This article is from the Keeshonden Breed FAQ, by email@example.com (Kimberly J. Eashoo).
The Keeshond is a double coated breed. This coat consists of a woolly
undercoat and longer guard hairs. Twice a year, Keeshonden "blow"
their undercoats, that is, they shed their undercoats completely. It
is a very intense shedding period that can last up to three weeks from
start to finish.
The good news is that this only happens twice a year. The remainder of
the time , Keeshonden are relatively shed free (unlike smooth coated
breeds). The bad news is that the shedding period can be rather messy.
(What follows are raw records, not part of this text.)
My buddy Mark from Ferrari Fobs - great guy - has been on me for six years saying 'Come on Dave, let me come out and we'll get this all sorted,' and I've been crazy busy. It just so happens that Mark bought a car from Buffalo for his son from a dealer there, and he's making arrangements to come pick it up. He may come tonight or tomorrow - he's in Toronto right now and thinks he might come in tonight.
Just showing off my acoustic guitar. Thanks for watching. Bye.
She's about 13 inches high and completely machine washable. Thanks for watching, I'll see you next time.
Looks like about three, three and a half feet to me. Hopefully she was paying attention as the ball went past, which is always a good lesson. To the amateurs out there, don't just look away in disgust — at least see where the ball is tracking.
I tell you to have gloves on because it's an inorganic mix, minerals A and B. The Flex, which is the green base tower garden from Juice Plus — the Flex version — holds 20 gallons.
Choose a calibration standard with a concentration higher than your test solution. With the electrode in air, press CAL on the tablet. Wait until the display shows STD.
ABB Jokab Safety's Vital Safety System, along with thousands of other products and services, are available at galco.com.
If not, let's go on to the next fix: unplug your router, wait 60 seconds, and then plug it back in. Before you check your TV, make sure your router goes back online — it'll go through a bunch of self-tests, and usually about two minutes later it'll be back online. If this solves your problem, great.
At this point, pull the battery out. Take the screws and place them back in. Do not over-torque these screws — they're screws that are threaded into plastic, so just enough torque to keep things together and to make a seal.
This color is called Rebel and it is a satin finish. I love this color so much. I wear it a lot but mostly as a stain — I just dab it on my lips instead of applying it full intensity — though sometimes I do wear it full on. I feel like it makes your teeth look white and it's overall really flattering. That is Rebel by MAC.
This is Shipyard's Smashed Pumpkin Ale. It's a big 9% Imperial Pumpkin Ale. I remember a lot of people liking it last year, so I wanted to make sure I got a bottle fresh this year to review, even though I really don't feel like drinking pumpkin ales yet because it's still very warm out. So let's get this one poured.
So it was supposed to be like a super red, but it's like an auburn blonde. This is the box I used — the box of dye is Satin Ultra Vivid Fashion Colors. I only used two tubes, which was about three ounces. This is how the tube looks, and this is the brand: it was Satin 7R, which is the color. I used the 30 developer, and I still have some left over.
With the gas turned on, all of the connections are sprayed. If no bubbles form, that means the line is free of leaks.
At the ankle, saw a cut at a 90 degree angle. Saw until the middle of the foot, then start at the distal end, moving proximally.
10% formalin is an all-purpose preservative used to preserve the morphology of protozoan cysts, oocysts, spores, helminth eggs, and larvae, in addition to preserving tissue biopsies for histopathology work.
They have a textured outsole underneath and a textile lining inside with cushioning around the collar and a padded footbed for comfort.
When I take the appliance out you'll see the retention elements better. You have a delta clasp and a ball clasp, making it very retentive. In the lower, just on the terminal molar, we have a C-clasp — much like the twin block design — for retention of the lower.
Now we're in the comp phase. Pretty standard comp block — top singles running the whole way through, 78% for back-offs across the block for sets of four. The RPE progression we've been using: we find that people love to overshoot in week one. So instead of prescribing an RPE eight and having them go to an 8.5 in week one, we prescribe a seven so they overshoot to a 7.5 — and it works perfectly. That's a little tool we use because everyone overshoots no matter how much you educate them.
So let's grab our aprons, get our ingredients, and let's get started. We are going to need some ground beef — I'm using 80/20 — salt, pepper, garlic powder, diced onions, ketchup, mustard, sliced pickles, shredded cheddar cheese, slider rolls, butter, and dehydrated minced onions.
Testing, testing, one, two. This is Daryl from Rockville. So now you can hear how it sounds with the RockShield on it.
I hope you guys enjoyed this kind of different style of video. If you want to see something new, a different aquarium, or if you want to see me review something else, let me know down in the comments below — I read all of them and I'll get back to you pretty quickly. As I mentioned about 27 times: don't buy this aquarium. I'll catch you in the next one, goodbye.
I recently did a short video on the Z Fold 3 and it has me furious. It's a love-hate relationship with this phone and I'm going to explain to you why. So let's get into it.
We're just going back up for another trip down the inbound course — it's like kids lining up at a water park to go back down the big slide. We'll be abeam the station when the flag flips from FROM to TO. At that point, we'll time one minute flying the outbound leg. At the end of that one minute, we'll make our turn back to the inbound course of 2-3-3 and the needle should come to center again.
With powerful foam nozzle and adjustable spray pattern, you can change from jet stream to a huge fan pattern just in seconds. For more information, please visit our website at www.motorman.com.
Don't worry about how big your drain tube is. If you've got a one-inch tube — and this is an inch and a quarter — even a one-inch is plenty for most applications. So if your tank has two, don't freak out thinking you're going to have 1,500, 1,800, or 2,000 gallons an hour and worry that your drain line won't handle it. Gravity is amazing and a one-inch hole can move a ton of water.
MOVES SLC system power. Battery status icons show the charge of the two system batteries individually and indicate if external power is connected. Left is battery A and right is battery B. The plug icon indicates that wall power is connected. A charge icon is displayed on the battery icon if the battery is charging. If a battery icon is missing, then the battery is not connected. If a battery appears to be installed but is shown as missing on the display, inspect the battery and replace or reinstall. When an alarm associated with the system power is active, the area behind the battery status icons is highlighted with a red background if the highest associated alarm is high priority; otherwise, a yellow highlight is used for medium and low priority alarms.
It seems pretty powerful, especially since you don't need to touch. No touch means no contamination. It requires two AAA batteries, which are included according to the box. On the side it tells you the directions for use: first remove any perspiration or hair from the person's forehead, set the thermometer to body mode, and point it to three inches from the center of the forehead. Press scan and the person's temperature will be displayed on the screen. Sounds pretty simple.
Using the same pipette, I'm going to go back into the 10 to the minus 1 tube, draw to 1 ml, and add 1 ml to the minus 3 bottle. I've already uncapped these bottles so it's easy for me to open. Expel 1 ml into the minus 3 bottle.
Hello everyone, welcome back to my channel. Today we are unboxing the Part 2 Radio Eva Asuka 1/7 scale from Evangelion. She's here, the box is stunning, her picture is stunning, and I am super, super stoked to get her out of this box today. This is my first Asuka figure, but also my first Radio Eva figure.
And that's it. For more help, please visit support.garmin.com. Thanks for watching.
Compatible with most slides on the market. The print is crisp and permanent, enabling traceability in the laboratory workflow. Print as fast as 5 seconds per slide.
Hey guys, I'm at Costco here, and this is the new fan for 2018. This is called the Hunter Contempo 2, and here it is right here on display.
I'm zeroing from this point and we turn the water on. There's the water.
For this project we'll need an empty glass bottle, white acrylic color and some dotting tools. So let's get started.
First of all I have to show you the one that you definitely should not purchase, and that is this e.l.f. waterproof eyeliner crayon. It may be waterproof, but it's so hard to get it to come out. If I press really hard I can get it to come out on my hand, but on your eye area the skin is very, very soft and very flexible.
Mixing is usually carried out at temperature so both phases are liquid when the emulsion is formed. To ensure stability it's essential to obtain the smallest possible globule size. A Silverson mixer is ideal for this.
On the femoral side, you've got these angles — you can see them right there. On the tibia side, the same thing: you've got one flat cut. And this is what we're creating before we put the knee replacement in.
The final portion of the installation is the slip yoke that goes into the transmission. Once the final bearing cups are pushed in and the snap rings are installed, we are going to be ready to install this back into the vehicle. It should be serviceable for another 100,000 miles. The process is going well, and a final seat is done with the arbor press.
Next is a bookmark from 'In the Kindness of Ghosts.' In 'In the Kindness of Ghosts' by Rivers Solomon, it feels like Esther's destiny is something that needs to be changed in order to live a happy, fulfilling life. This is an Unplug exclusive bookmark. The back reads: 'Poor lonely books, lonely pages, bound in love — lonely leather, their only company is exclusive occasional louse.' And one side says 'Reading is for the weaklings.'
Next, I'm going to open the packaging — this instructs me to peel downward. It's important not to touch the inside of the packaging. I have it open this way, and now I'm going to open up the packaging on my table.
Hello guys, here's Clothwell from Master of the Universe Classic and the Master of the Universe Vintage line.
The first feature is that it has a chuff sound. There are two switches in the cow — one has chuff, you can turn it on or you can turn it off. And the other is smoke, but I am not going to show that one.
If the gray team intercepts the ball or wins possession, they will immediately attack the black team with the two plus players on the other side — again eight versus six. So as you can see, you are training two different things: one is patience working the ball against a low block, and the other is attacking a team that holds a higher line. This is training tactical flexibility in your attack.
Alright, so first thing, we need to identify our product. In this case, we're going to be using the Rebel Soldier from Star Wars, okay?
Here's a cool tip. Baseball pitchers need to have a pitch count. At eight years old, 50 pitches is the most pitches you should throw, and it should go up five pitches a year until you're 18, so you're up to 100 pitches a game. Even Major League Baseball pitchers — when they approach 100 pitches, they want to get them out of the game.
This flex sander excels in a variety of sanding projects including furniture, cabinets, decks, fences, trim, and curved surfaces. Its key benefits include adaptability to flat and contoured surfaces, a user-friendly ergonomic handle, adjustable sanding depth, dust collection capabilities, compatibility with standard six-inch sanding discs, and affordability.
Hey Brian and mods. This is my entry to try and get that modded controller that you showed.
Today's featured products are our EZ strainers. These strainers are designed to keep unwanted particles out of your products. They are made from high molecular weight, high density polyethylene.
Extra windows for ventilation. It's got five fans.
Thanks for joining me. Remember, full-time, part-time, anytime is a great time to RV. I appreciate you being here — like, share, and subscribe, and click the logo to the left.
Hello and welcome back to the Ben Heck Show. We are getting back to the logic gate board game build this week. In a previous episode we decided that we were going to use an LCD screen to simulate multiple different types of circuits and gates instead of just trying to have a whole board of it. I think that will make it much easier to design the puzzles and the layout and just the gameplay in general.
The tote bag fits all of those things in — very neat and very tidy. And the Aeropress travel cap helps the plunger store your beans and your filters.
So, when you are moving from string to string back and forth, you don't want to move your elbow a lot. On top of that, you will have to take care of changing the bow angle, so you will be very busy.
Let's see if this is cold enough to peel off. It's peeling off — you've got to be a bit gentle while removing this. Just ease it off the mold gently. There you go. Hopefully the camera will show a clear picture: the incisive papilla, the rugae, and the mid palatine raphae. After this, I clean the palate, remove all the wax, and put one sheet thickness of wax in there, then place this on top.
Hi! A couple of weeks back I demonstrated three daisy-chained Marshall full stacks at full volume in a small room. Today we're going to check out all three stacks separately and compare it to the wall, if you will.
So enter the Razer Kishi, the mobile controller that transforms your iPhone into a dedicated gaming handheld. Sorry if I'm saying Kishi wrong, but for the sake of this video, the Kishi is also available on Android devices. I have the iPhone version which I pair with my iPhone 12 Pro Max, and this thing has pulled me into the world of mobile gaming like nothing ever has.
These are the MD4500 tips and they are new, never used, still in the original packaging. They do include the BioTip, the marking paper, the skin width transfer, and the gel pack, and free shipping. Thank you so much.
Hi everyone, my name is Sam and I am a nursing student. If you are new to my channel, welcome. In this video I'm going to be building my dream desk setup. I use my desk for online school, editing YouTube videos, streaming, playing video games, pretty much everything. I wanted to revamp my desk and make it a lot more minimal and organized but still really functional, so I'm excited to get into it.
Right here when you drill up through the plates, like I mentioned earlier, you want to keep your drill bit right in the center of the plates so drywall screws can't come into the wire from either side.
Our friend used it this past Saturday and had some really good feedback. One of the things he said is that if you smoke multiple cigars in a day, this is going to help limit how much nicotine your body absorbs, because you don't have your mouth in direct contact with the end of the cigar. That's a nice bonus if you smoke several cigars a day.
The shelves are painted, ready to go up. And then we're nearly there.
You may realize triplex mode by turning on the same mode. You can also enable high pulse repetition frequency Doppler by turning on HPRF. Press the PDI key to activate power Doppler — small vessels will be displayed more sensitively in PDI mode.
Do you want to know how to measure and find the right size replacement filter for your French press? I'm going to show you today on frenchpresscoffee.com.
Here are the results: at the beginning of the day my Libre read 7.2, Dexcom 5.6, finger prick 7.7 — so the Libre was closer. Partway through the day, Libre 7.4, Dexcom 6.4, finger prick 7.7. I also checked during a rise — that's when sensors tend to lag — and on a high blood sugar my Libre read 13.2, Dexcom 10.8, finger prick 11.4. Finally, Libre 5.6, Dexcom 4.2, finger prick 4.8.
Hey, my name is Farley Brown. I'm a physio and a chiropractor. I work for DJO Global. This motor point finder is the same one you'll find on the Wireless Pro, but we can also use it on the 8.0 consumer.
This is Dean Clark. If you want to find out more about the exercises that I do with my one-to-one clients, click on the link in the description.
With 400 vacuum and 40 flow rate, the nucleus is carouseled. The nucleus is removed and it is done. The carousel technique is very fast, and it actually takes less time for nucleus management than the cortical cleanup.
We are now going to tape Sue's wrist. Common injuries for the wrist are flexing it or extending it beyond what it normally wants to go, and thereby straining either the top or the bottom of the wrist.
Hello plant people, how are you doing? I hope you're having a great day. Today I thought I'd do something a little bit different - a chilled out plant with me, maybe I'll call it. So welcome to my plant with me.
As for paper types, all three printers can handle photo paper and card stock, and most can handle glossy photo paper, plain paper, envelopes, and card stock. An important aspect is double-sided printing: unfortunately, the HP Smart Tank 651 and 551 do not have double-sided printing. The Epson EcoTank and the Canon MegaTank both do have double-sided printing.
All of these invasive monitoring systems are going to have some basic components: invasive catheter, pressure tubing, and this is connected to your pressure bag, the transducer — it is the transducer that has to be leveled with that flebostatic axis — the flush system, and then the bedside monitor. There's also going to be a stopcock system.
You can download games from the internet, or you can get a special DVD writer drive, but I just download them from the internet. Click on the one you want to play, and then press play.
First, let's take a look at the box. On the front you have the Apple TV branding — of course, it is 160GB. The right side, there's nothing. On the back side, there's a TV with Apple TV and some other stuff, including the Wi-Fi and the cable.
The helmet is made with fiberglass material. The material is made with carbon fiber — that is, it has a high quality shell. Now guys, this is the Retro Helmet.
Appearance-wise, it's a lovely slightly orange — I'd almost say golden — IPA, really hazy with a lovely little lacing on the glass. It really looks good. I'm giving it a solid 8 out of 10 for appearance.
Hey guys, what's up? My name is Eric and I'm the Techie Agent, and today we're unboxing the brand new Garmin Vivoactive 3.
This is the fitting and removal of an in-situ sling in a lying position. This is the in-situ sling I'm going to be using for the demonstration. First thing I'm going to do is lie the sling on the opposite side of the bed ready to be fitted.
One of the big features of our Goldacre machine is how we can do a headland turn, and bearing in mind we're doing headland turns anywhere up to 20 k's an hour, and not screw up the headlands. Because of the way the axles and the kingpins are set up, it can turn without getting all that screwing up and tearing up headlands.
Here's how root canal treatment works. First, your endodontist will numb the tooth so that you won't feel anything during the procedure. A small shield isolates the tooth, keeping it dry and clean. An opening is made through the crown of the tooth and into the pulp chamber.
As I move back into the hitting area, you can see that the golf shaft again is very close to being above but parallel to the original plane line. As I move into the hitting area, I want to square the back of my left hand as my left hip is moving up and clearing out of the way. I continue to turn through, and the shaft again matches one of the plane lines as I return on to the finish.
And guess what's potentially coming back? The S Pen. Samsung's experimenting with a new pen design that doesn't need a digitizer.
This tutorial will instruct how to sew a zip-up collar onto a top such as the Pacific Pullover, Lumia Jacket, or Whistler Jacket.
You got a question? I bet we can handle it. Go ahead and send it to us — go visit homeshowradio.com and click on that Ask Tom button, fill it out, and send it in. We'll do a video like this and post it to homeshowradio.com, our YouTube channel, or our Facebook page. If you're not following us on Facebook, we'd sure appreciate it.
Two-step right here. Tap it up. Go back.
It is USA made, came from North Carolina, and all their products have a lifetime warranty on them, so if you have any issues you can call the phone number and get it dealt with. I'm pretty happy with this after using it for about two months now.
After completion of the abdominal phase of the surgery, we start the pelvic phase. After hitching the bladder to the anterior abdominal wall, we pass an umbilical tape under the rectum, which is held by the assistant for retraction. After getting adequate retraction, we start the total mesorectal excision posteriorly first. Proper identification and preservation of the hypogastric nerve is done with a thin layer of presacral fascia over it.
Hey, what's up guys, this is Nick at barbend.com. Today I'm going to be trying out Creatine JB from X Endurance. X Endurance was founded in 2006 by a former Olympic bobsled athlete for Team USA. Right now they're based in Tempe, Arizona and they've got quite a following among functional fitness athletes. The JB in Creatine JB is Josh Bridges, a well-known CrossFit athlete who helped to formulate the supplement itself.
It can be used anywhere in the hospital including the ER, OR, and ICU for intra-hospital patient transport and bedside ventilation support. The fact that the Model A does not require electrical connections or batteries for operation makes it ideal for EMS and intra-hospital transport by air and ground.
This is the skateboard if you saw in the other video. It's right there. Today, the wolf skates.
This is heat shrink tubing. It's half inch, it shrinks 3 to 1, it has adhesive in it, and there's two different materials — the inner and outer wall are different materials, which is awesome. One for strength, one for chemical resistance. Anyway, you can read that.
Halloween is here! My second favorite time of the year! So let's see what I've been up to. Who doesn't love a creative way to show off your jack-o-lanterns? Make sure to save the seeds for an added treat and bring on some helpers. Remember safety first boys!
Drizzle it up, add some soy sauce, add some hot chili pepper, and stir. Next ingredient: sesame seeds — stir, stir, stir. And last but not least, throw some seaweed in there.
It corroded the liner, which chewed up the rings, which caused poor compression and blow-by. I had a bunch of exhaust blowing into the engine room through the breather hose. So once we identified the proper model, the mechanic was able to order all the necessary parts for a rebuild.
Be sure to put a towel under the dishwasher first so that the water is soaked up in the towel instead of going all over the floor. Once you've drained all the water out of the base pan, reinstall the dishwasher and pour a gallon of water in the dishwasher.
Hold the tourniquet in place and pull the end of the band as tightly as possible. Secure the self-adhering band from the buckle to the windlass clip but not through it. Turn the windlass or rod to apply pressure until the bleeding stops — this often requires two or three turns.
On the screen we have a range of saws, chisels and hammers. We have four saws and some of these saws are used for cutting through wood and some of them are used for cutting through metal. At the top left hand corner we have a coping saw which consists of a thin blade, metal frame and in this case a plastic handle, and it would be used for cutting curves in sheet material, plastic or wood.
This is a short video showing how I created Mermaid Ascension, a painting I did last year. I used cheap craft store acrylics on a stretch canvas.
The hair comes out in large and small clumps. Lots of vacuuming and
brushing are in order. The Keeshond is a very clean and relatively
odor free dog. It tends to clean itself like a cat. Even when a
Keeshond becomes covered in mud, it will clean itself. Bathing needs
are minimal; thorough brushings and/or "dry baths" using a mixture of
cornstarch and baby powder often suffices. A full bath may not be
necessary more than once per year or when the dog is obviously dirty.
Whitening shampoos will bring out the "brightness" of the coat.
Other than during coat-blowing season, the Keeshond needs relatively
little grooming. Daily brushing is ideal, but two or three times a
week is sufficient; the brushing should be thorough to penetrate the
outer coat and remove any loose undercoat. A long pin brush, a slicker
brush and possibly a rake are essential grooming tools. Trimming needs
are minimal, and if done should be done so that it looks natural and
uncut. The body coat should never be clipped or trimmed except for
medical reasons. Their nails should be checked and clipped
NEVER clip a Keeshond for the summer. After the undercoat has been
"blown out," the outer coat provides insulation from the heat and
protection from the sun. Exposed skin will be very sensitive to the
sun, and will sunburn very easily; this can lead to skin cancer.
Regular grooming and constant access to cool water are particularly
important in the summer, especially in warmer climates.